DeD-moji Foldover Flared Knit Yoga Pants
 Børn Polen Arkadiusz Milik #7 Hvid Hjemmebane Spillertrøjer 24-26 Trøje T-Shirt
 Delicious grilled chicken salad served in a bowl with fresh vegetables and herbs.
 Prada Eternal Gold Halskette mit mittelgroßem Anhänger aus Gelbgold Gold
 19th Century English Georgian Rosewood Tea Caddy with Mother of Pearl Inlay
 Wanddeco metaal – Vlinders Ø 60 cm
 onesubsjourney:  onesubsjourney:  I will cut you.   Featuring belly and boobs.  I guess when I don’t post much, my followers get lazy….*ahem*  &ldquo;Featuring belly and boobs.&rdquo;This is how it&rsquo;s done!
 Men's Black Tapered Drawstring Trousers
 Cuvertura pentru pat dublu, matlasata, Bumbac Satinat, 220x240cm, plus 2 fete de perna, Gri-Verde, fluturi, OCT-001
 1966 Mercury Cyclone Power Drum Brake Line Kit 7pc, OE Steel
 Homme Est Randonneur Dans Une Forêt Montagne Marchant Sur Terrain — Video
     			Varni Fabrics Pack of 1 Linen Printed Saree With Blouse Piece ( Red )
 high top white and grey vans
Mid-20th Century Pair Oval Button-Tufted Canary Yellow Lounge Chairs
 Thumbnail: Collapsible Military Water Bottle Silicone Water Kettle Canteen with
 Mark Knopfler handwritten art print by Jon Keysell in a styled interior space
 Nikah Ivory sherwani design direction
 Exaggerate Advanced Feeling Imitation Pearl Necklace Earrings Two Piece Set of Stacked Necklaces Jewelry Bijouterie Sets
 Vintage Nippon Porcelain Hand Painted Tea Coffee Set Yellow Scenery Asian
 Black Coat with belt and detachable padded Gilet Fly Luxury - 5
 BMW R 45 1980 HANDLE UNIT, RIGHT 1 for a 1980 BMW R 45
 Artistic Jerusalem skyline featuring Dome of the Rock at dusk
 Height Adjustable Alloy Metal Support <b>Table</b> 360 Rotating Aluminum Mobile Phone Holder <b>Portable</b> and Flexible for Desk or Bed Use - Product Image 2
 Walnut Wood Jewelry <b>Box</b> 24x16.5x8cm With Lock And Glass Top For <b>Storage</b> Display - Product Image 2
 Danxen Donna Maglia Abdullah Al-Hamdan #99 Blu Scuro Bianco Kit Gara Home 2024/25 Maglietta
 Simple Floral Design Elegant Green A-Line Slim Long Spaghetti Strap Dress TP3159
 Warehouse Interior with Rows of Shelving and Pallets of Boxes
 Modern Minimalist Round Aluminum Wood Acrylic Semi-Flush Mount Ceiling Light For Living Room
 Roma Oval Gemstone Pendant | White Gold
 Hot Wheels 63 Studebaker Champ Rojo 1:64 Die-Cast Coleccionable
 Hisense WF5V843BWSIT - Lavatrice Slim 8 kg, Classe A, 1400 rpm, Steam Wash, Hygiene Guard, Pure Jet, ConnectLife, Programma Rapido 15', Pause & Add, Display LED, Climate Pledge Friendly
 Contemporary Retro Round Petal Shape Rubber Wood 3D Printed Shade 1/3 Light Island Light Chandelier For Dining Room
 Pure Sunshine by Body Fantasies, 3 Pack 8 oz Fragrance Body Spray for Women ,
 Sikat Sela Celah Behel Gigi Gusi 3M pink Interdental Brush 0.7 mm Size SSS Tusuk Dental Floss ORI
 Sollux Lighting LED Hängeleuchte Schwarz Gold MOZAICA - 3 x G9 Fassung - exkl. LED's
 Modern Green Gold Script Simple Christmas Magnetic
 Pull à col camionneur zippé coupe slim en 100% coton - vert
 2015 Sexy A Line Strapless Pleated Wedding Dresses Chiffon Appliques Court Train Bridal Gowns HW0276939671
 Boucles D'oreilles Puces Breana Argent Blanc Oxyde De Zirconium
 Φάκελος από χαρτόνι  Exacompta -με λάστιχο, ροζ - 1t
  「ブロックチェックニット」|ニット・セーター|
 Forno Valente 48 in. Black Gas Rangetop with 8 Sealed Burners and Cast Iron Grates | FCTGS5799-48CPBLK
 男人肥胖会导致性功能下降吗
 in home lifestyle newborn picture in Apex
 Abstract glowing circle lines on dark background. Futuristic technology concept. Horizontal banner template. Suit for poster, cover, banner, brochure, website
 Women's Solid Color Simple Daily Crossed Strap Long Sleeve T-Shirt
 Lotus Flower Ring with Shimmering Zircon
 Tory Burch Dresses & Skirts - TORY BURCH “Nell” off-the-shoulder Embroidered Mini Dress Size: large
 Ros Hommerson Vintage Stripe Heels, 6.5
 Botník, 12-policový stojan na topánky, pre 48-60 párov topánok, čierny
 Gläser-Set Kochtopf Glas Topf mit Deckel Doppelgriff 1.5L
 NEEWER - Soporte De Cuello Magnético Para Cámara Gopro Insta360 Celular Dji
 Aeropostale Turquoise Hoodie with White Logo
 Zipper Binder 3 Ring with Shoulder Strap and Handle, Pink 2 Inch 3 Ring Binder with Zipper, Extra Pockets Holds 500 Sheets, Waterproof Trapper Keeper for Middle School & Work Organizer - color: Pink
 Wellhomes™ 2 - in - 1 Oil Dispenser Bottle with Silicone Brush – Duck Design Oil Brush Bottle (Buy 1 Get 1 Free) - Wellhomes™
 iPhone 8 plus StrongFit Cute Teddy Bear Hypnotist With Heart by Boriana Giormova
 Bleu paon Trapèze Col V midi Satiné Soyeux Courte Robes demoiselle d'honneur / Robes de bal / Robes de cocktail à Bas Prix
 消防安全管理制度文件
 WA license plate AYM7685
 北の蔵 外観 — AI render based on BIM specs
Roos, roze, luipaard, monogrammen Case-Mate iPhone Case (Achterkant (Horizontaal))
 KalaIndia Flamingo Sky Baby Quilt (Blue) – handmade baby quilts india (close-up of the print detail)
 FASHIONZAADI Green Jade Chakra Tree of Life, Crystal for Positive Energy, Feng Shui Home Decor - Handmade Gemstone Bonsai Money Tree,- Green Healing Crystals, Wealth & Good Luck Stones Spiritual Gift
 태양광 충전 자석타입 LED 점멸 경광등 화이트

────────────────

**Prompt**: Would you please copy exactly the part of the entries above that begins at the line containing "Women's Solid Color" and ends at the line containing "Roos, roze, luipaard, monogrammen", both lines included?

**Response to this task**:
 Women's Solid Color Simple Daily Crossed Strap Long Sleeve T-Shirt
 Lotus Flower Ring with Shimmering Zircon
 Tory Burch Dresses & Skirts - TORY BURCH “Nell” off-the-shoulder Embroidered Mini Dress Size: large
 Ros Hommerson Vintage Stripe Heels, 6.5
 Botník, 12-policový stojan na topánky, pre 48-60 párov topánok, čierny
 Gläser-Set Kochtopf Glas Topf mit Deckel Doppelgriff 1.5L
 NEEWER - Soporte De Cuello Magnético Para Cámara Gopro Insta360 Celular Dji
 Aeropostale Turquoise Hoodie with White Logo
 Zipper Binder 3 Ring with Shoulder Strap and Handle, Pink 2 Inch 3 Ring Binder with Zipper, Extra Pockets Holds 500 Sheets, Waterproof Trapper Keeper for Middle School & Work Organizer - color: Pink
 Wellhomes™ 2 - in - 1 Oil Dispenser Bottle with Silicone Brush – Duck Design Oil Brush Bottle (Buy 1 Get 1 Free) - Wellhomes™
 iPhone 8 plus StrongFit Cute Teddy Bear Hypnotist With Heart by Boriana Giormova
 Bleu paon Trapèze Col V midi Satiné Soyeux Courte Robes demoiselle d'honneur / Robes de bal / Robes de cocktail à Bas Prix
 消防安全管理制度文件
 WA license plate AYM7685
 北の蔵 外観 — AI render based on BIM specs
Roos, roze, luipaard, monogrammen Case-Mate iPhone Case (Achterkant (Horizontaal))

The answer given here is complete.